American Library Association
Annual Conference (129th : 2010 June 24-29 : Washington, D.C.)
Report on cataloging, etc. meetings

ALCTS/LITA/RUSA Machine-Readable Bibliographic Information Committee (MARBI) (Saturday morning and Sunday afternoon)

The agenda for MARBI may be found at http://www.loc.gov/marc/marbi/an2010_age.html and papers are linked from the agenda. The report below is in order by proposals and discussion papers.

Proposal No. 2010-06: Encoding the International Standard Name Identifier (ISNI) in the MARC 21 Bibliographic and Authority Formats Based on a discussion paper at the last MARBI meetings, this proposal passed and will allow for the encoding of the ISNI in subfield $0 (zero) in heading fields in a bibliographic record. This subfield is defined more broadly so that it could handle other standard identifiers, such as CONA or LC/NAF. In authority records, the 024 would be used for the entity.

Proposal No. 2010-07: ISBD Punctuation in the MARC 21 Bibliographic Format Most American libraries use explicit ISBD punctuation in their bibliographic records. The Germans and Austrians have adopted MARC 21 and this proposal was to accommodate their practice of using encoding to provide some of the punctuation. When AACR2 was adopted thirty years ago, the definition of Leader/18 conflated descriptive practice with cataloging rules. With the projected adoption of RDA in the next year or so, prospective coding will use Leader/18 only to indicate descriptive practice, mostly whether the record is ISBD or not. The code "rda" will be used in 040 $f to indicate that RDA is the cataloging code, or other codes there. There was quite a convoluted discussion of this paper (you had to be there) but code "c" will be added for the German situation. The definitions of the other codes has also been shortened.

Proposal No. 2010-08: Encoding Scheme of Coordinate Data in Field 034 (Coded Cartographic Mathematical Data) of the MARC 21 Bibliographic and Authority Formats The proposal, as written, did not accommodate decimal minutes and will therefore come back with that and a couple other matters clarified, e.g., zero fill to left of decimal. It was stated that decimal minutes could probably be checked by their structure (character and number of digits) but that the scheme should be explicit.

Proposal No. 2010-09: Addition of Subfield $u to Field 561 (Ownership and Custodial History) to the MARC 21 Bibliographic and Holdings Formats The proposal, which passed, would allow for links to provenance information. The subfield $u was made repeatable, with position defining to which part of the provenance it covered. Since provenance is important with cultural objects, being able to link from a bibliographic record to a published (posted) catalog or other information could be very beneficial.

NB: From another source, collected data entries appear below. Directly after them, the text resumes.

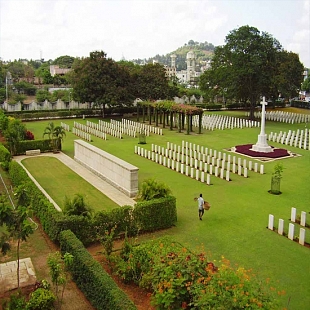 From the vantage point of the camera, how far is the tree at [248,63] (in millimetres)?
42000

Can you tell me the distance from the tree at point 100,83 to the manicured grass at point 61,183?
19.2m

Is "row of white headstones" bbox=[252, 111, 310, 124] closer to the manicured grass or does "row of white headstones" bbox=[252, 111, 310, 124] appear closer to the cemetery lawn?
the cemetery lawn

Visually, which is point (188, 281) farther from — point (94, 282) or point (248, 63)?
point (248, 63)

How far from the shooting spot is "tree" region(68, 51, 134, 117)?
42094 mm

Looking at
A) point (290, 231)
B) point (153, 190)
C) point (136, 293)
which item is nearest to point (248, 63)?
point (153, 190)

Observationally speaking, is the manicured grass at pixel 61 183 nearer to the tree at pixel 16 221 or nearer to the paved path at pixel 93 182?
the paved path at pixel 93 182

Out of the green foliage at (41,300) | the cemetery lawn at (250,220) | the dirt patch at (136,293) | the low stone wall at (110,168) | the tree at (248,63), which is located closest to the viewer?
the green foliage at (41,300)

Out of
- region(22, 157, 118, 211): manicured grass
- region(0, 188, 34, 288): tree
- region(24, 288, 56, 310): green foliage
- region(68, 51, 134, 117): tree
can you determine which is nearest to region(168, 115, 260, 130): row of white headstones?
region(68, 51, 134, 117): tree

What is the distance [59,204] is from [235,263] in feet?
27.1

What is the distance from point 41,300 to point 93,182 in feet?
36.1

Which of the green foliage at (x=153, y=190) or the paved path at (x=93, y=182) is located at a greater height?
the green foliage at (x=153, y=190)

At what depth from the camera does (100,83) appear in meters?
42.2

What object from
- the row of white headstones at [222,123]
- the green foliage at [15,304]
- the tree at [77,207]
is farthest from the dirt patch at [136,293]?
the row of white headstones at [222,123]

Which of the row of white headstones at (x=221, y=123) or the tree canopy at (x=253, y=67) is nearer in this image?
the row of white headstones at (x=221, y=123)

Discussion Paper No. 2010-DP04: Encoding the International Standard Text Code (ISTC) in the MARC 21 Bibliographic and Authority Formats This paper suggested three options for including the ISTC in bibliographic and authority records, both on the record for the item as a whole as well as components and related works. The second option, i.e., using a related work field, was preferred by most everyone at MARBI. This does not involve format changes but examples will be added. So far, the ISTC is mostly used by publishers in their ONIX implementation.

Discussion Paper No. 2010-DP05: Language Coding for Moving Images in Field 041 of the MARC 21 Bibliographic Format Films and videos can have a real mixed bag of languages, e.g., original language, language of subtitles, language of accompanying material, language of titles (and subtitles) in silent films, sign language. This paper addressed issues of intermediary language of translation and other complications. There were also those that said that some resources are complicated beyond summary and a note is perhaps the only way to say it (that is, uncodable). From the discussion, LC and OLAC will draft some wording for online discussion between now and the next MARBI meetings at Midwinter 2011. (I volunteered Liz O'Keefe and me to come up with a good example of an exhibition catalog that had language complexity, something along the lines of a bilingual catalog in which the essays started in a variety of languages and are all translated into one or two languages unless they are already in that language. If you happen to have such a catalog up your sleeve, please let me or Liz know.)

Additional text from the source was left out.